Challenge 569 Response

Reading Poetry

with Boris Kokotov

Boris Kokotov’s “Poetry Reading at a Local Library” appears in this issue.

What common mistakes do the audience’s questions illustrate?

One Review Editor remarks that the questioners in the audience all seem to have agendas of their own.

[Boris Kokotov] Of course, folks in the library have their “own agendas” — different from Ramon’s and from each other’s.

Ramon’s agenda is embedded in the poem. But the discussion at the meeting shows there are more than a single interpretation of events. The saleswoman and even the lobsters also have their own understanding of what “really” happened.

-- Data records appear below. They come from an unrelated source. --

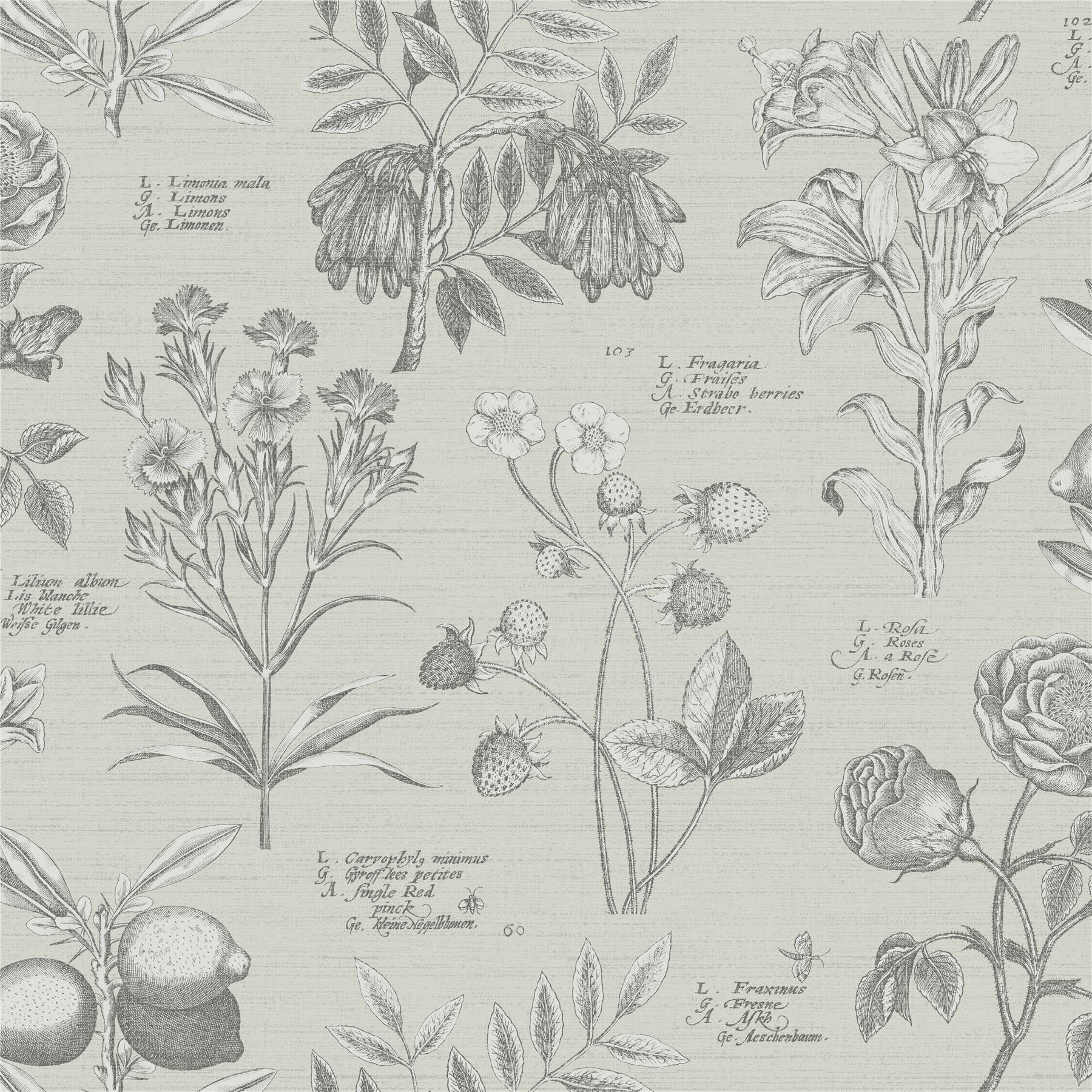 RHS Botanical Sketchbook Cream Wallpaper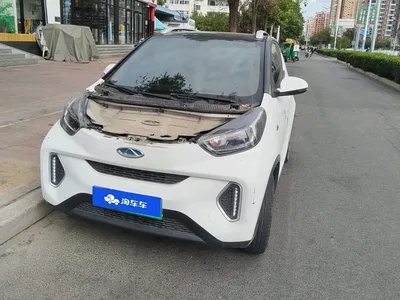 2021 QQ New Energy Little Ant 200K Fans Edition Energy Version (LFP Battery 301km), фото 1, лот 11242798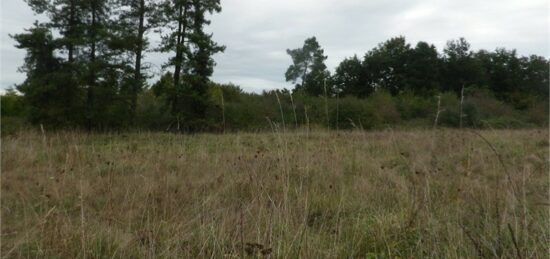 Terrain à bâtir à Libourne, Nouvelle-Aquitaine
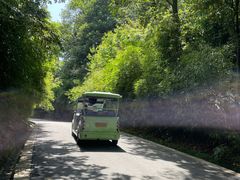 -中国大熊猫保护研究中心雅安碧峰峡基地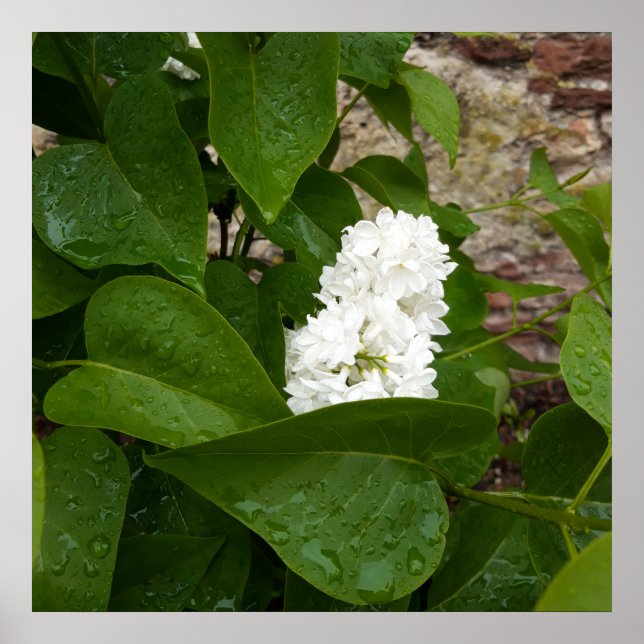 Syringa , White Lilac Flower with Raindrops Poster (Front)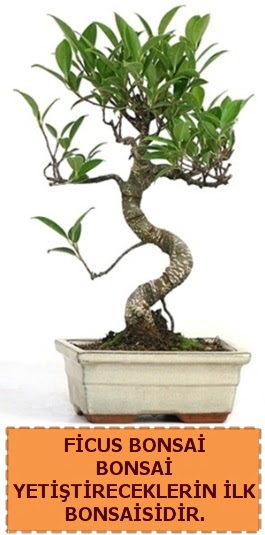 Ficus bonsai 15 ile 25 cm arasndadr  anlurfa iek online iek siparii 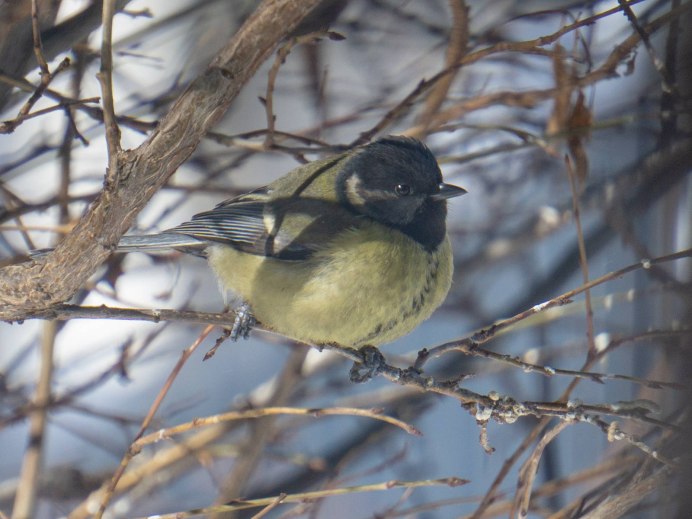 Синица Parus Major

The poem, beyond Ramon’s intentions, has wider meaning. Basically the poem is recreated every time somebody reads it. And because this is a “story inside a story,” the poem’s author appears to be just one of the characters — a subject for meta-story interpretations.

[Don W.] Thank you for the response, Boris; it shows a generous spirit!

Not to be picky or anything, I would note that one of the audience flunks the first of the four questions of literary criticism — indeed, of reading in general: “What does the text say?” He substitutes “crabs” for “lobsters.”

The second question — “How does the text say it?” — is the essence of the “middle-aged woman’s” question, namely why the poem describes a commonplace scene that the reader can readily visualize. Ramon has to remind her that poetry begins with the commonplace but doesn’t end there.

The audience explores the third question — “What did the text mean in its own time?” — by asking the author what his motivations and perceptions were. In fact, the most interesting question is that of the “older man”: “Why did the narrator lie to the saleswoman about what he will have for dinner?”

But mostly the audience concentrates on the fourth question: “What might it mean to us?” Two questioners appear to worry that the narrator is more polite to the lobsters than he is to the seafood clerk. And the “young girl” objects to “A pity they cannot sing” as being hypothetically unfactual. Ramon reminds them politely that the poem does not necessarily reflect what the readers would do in the same circumstances or what they happen to believe.

It is true enough that a poem — or any work of literature — is recreated every time it’s read. But what does that recreation accomplish? Does the reader’s reaction have a source in the work? If so, we have something in common and something we can talk about. Or does the reader merely talk about himself or herself? That may or may not be interesting; in any event, it’s another topic.